The Mudcat Café TM
Thread #101128 Message #2049255
Posted By: GUEST,Henryp
11-May-07 - 11:24 AM
Thread Name: Origin: Coal Not Dole (Kay Sutcliffe)
Subject: RE: info/ADD: who wrote Coal Not Dole?
Kay Sutcliffe; Aylesham Miners' Wives Support Group
We formed our Miners' Wives Support Group here in Aylesham at the time of the 1972-74 strike. It was very different to 1984--more of a community support group, not very political. But we kept it together, so when it came to 1984 we already had the basis for a group.

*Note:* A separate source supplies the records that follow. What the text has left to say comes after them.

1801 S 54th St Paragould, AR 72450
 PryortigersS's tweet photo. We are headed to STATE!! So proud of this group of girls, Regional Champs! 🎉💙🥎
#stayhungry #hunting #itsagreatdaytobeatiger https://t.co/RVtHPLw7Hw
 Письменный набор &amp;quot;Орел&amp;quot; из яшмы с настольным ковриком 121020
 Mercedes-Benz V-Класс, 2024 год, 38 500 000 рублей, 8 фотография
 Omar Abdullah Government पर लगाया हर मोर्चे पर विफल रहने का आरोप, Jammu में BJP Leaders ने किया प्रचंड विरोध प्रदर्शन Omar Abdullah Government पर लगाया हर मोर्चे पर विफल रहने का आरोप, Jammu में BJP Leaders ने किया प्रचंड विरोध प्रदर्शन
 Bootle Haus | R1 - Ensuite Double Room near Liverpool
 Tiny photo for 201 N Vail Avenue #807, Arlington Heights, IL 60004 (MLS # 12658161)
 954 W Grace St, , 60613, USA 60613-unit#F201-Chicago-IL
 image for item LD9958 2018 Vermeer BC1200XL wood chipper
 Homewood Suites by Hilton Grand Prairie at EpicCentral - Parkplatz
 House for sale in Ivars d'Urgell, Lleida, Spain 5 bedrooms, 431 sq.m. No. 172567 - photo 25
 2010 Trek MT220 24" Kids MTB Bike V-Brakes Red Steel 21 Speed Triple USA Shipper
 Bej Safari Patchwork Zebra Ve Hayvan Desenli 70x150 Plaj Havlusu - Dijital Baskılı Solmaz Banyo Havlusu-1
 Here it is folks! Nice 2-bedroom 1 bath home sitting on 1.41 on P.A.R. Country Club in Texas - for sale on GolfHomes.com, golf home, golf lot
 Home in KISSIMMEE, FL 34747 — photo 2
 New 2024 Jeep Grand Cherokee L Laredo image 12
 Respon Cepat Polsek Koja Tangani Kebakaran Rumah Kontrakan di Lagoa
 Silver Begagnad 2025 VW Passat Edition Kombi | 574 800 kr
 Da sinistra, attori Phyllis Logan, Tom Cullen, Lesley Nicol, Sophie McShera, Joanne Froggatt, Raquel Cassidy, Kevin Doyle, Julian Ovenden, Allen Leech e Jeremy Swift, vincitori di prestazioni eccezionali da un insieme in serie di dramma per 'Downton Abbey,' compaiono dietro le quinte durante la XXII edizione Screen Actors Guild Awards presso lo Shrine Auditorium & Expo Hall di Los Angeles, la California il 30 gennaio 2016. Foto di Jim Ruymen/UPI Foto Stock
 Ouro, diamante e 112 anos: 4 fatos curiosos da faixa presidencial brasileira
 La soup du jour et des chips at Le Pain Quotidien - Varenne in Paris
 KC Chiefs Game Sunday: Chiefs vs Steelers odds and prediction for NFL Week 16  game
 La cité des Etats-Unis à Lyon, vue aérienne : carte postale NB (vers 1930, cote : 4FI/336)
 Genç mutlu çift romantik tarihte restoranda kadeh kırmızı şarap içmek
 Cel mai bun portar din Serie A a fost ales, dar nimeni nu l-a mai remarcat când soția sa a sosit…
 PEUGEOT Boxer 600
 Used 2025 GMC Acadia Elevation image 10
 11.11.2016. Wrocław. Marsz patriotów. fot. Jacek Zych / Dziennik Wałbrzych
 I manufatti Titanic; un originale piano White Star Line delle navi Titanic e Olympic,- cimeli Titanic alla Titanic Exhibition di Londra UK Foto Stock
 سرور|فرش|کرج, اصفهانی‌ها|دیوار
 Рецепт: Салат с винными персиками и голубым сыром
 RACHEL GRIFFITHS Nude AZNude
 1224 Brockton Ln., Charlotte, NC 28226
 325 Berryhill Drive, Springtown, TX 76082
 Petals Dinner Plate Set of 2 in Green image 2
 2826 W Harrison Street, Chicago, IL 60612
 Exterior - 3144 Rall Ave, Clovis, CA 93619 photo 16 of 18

We called a meeting to relaunch the support group after hearing about the miners going back to work in Nottingham. We were expecting maybe ten or 15 women, but we got 50. There were mixed feelings about what we should do, but we decided to go and hold a women's demonstration up there. We went to the local NUM and they said that, as the Kent mines came under the Leicestershire region of the Coal Board, we should demonstrate there. It was one of the first women's demonstrations in the dispute.
I was politically aware before the strike--I read the papers like everyone else--but I wasn't involved in anything. The experience of the strike made me aware of the political situation of other minority groups--the Greenham Common women, people in Ireland, blacks and ethnic minorities. I saw how corrupt society was, and how the police were used against those groups.
A group of the local NUM, including my husband, went to picket the Wivenhoe docks in Colchester to stop coal imports coming in. They were all arrested and put in jail. We had a women's meeting that night, and on the spur of the moment we decided to get in a Dormobile and go down there. There were only about 12 of us, and we weren't even dressed for a demonstration! Some of the women had come to the meeting dressed for a social gathering, not in warm clothes, but we decided that was what we were going to do.
It was the first time we had ever been in a confrontational situation with the police. We couldn't believe how many police there were, and only a handful of us. They threatened to arrest us for walking on the road. We felt very intimidated by them. We were conscious that some of them weren't police--they didn't have police numbers. We knew the state used the military to police the strike.
I'm much more confident and much more involved in local issues today, and I'm more aware of the world political situation. I can give my own view now, whereas at one time I might have just taken my husband's point of view, or wondered whether I was right. It was an eye-opener, not just for me but for everyone involved.
From Issue 283 of SOCIALIST REVIEW Published March 2004 Copyright © Socialist Review
Kay Sutcliffe has not registered the poem Coal Not Dole as her own, but is always pleased to know when it has been used. It was John Tams who had the inspiration to set it to 'See amid the winter snow'.